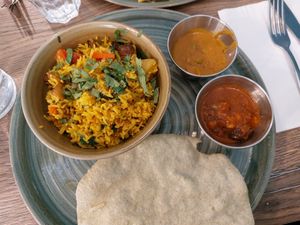 Mushroom biryani at Le Petit Veg in Paris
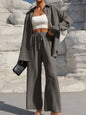 Fashion Solid Set For Women Casual Long Sleeve Turn-down Collar Shirt Tops+High Waist Wide Leg Pants 2 Pieces Sets Lady Clothes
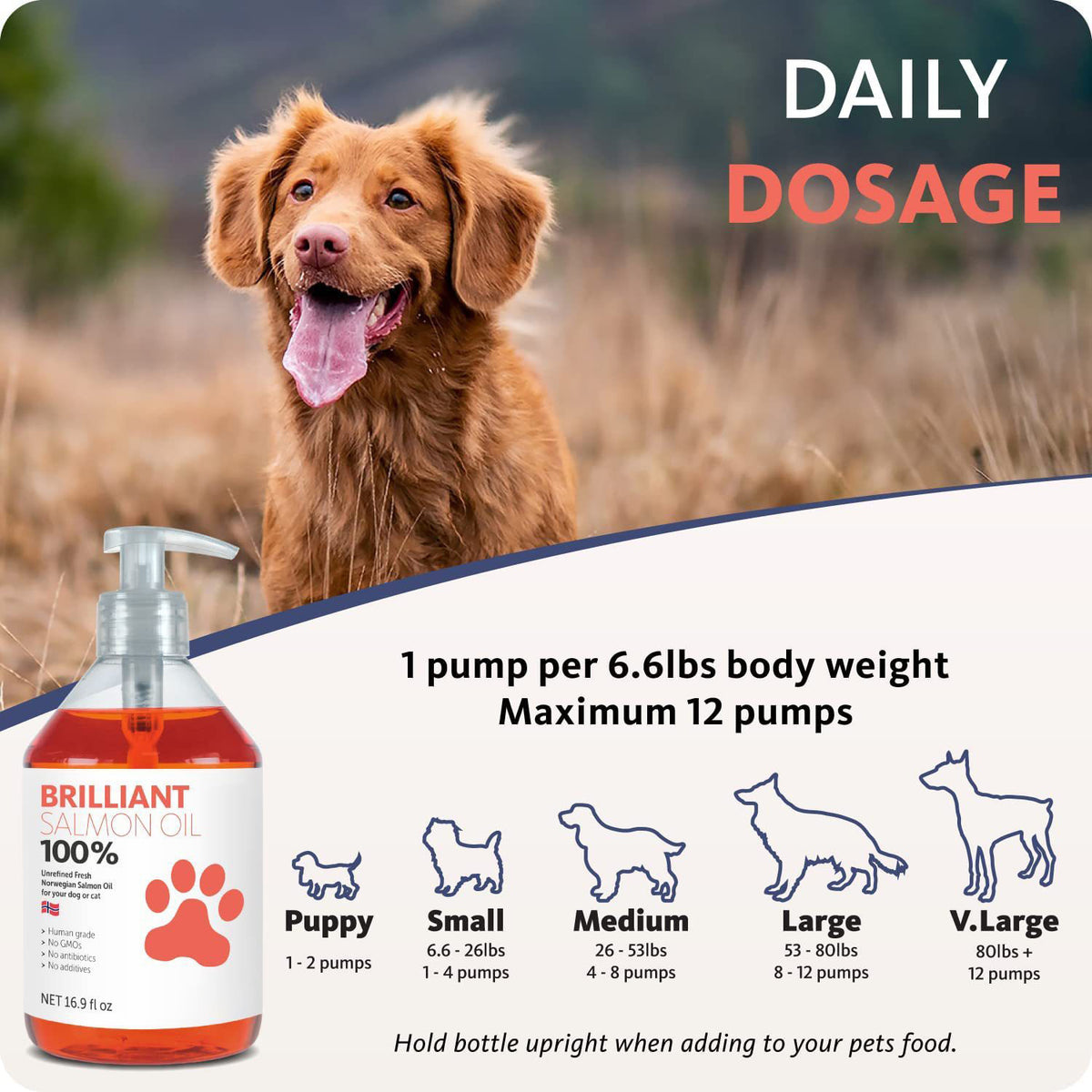 Norwegian Salmon Oil for Cats and Dogs, Skin and Coat Care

*TASK TO COMPLETE*. Each line from the line containing "Fashion Solid Set" through the last line above must be written out exactly, and every picture must be omitted.

*SOLVED PROBLEM*.
 Fashion Solid Set For Women Casual Long Sleeve Turn-down Collar Shirt Tops+High Waist Wide Leg Pants 2 Pieces Sets Lady Clothes
 Norwegian Salmon Oil for Cats and Dogs, Skin and Coat Care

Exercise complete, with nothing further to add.